YASMEEN converter
"Yet Another Species Matching Execution ENvironment" - DWCA to TAF data converter CLI tool
Purposes
The YASMEEN converter is the command line (CLI) tool that implements the PRODUCE REFERENCE DATA step in the YASMEEN data flow.
It ingests DWCA files (or folders), extracts their content, produces indexes and creates two TAF files (one for taxa and the other for vernacular names data) for later consumption - as reference data files - by the YASMEEN matching engine tool.
YASMEEN already ships with a set of predefined reference data files (in TAF format) for many a public source. Thus, the YASMEEN converter tool should be used only to produce missing TAF files from newly available DWCA sources.
Command line
java -jar YASMEEN-converter-<version>.jar <options>
This CLI tool can be launched with the '-h' option to get a report of the available options:
java -jar YASMEEN-converter-<version>.jar -h
Will give:
usage: -h Print this message -inFile <arg> Specify an input file (either a DWCA file or a folder containing an exploded DWCA file content) -outDir <arg> Specify the output folder that will contain the .taf.gz files resulting from the conversion of the input DWCA -providerId <arg> Specify the provider ID. This will have impact on the name of the .taf.gz files generated by the conversion, that will be <provider ID>_taxa.taf.gz and <provider ID>_vernacular.taf.gz
General command line options
-h
This option requires no arguments, and - when set - will print the help message and exit (no parsing will be performed)

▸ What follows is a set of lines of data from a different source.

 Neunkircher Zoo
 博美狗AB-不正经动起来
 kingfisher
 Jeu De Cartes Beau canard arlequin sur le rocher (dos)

Input data command line options
-inFile
Mandatory.
Specifies the input file. This can be either a DWCA file or a folder containing an exploded DWCA file content.
Output data command line options
-providerId
Mandatory.
Specifies the provider ID. This identifier will be used to actually name the TAF files generated by the conversion.
Taxa and vernacular TAF files produced out of the input DWCA will be named as:
and
respectively.
-outDir
Optional.
Specifies the output folder that will contain the TAF files resulting from the conversion of the input DWCA.
When this option is not explicitly set, the output directory is determined as follows:
- If the input file is a proper DWCA file, the output directory will be created in its same folder and be named 'out'
- If the input file is a folder containing the exploded files in a DWCA file, the output directory will be created in the input folder and be named 'out'
Placeholders expansion
Actual values of the -inFile and -outDir options can use the
{providerId}
placeholder that will in turn be converted in the value of the -providerId option before attempting to access the input file / folder and create the output folder specified by the corresponding options.
Usage examples
Common invocation
- Convert a DWCA file and store the results in an user-specified folder
java -jar YASMEEN-converter-<version>.jar -inFile /path/to/DWCA/file/Provider1_DWCA_file.zip -outDir /path/to/TAF/dir/Provider1 -providerId PRVD1
Will produce the:
- PRVD1_taxa.taf.gz
and
- PRVD1_vernacular.taf.gz
in the
/path/to/TAF/dir/Provider1
folder
DWCA folder as input
- Convert DWCA from a folder and store the results in an user-specified folder
java -jar YASMEEN-converter-<version>.jar -inFile /path/to/DWCA/folder/Provider1 -outDir /path/to/TAF/dir/Provider1 -providerId PRVD1
Will produce the:
- PRVD1_taxa.taf.gz
and
- PRVD1_vernacular.taf.gz
in the
/path/to/TAF/dir/Provider1
folder, assuming that the
/path/to/DWCA/folder/Provider1
folder contains the meta.xml and referenced .txt files as per DWCA specification.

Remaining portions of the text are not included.